The $\mathbf{r}_{ij}\otimes...\otimes\mathbf{r}_{ij}$ terms in
Equation \ref{eq:descriptors} contain angular information about the
neighborhood $\mathfrak{n}_i$ and are tensors of rank $\mathbf{\nu}$.
The basis functions $B_{\alpha} \left(\mathfrak{n} \right) $ are made
up all of possible contractions of any number of
$M_{\mu,\nu}\left(\mathfrak{n}_i\right)$ that result in a scalar. The
maximum depth of these calculations is chosen, with more levels
providing more accuracy. This attribute makes the basis a
systematically improvable functional form, similar to including more
frequencies in a Fourier transformation.

The $\xi_{\alpha}$ and $c_{\mu,z_i,z_j}^{\left( k \right)}$ terms in
Equations \ref{eq:basis} and \ref{eq:someequation} are parameters that must
be optimized. A quasi-Newton optimization technique is used to fit
these to the data provided by the training set.  The configuration
space created by these basis functions is $N$ dimensional, where $N$
is the number of basis functions the crystal was evaluated on. The
optimization can be visualized in 2 dimensions, ``configuration'' vs
energy, shown in Figure \ref{fig:2d}, where the appropriate terms are
chosen to minimize the error of a best fit ``line'' to the training
data.


If you would like to know more, see ref
\cite{gubaev2019accelerating}. There are several other less
understandable (for undergraduates) papers that talk about the basis,
in refs \cite{podryabinkin2017active,gubaev2018machine,
  shapeev2016moment}.


\subsection{DFT}
In quantum mechanics, the Schr\"{o}dinger equation must be solved to
find the energy of a system. Because of the size of many body
problems, it is impossible to solve the Schr\"{o}dinger equation
exactly for the system. This leads scientists to an approximation
called density functional theory (DFT). It is an ab-initio
calculation, or a first-principles calculation, if you've ever heard
those terms before. Density functional theory is based on the
assertion that the ground state energy of a system is a unique
functional (function of a function) of the electron density (which is
a function) \cite{PhysRev.136.B864}.

This is your quitting point. If you'd like to know more, go ahead and
keep on reading!

In this energy functional mentioned earlier, called the Kohn-Sham
equation \cite{kohn1965self}, every term can be known exactly except
the exchange-correlation (XC) functional.

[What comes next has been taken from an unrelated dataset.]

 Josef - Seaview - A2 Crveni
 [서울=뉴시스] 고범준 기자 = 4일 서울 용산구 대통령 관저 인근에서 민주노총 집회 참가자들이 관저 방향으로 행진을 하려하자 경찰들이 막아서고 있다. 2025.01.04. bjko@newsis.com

The XC functional can be approximated in many different ways,
including the Local Density Approximation (LDA), which assumes the
electronic density behaves locally like a homogenous electron
gas. Another approach is the Generalized Gradient Approximation (GGA),
which is similar to LDA but includes the local gradient, and other
derivative methods of these two basic methods.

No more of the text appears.